Yeri geldiğinde hepsini dener...
Düşman bellediğinin üzerine öyle gider ki, adamcağız feleğini şaşırır...
Ama hemen söyleyeyim:
"Kötücül bir adam" falan da değildir Gökçek...
Daha çok, "planlı şakalar yapmaktan sıkılmayan hınzır bir ergen" gibidir...
İçinde her daim bir "lise kantin çocuğu" yaşar... Muziptir... Yaramazdır...
Şimdi diyeceksiniz ki:
"Madem Melih Gökçek ideolojisiz bir adamdır... O halde böyle bir adam, nasıl oluyor da yıllardır ideolojik kutuplaşmayı körükleyerek Ankara'da seçim kazanıyor?"

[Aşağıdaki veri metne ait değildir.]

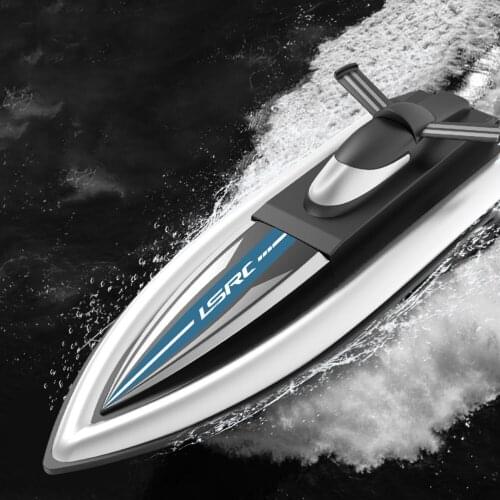 1 Set Creative Remote Controlling High Speed Racing Boat Waterproof Rechargeable Electric Boats Model Plaything Racing Boat Toys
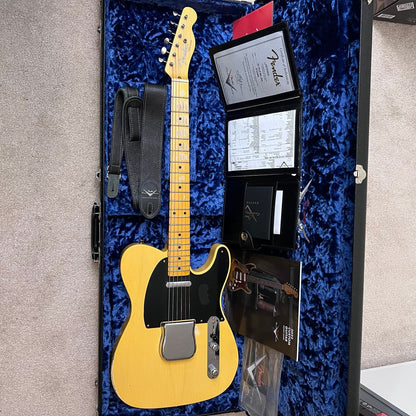 Fender Custom Shop '52 Reissue Telecaster Journeyman - Aged Nocaster Blonde Finish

Cevabım hazır: Rakipleri sayesinde!
* * *
Hadi bir örnek vereyim:
Hiç unutmam...
Artık geleneksel hale gelen "Melih Gökçek / Murat Karayalçın karşılaşmaları"ndan biri yaşanırken yolum Ankara'ya düşmüştü... Ankara caddelerinde volta atarken, duvarlarda Murat Karayalçın'ın astırdığı kocaman afişlere rastlamıştım...
Şöyle deniliyordu bu afişlerde en sert harflerle:
"Ankara'da karanlık sona erecek!"
Açıkçası Melih Gökçek'ten zerre kadar hazzetmediğim halde, bu afişi görünce Karayalçın'dan hızla uzaklaşmış, kendimi Melih Gökçek'e yakın hissetmiştim...
Çünkü terminolojiye vakıftım:
O afişteki "karanlık" sözcüğüyle neyin anlatılmak istendiğini biliyordum... "Karanlık"... Yani "gerici"... Yani "dinci"...
Oysa bir adama "karanlık" falan diyebilmek için, öncelikle o adamın bir ideolojiye kendini adaması gerekir...
Melih Gökçek ve adanmışlık... Asla yan yana gelemez... Gökçek, kendisini "ileri" ya da "geri" herhangi bir ideolojiye adayacak türden bir adam değildir.
Yani...
Melih Gökçek gibi ideolojisiz bir adama "karanlık" ya da "gerici" demek, müthiş bir lütuf, harika bir kıyaktır.
Allah'ı var, Gökçek de bu türden pasları gole çevirmek hususunda acayip mahirdir...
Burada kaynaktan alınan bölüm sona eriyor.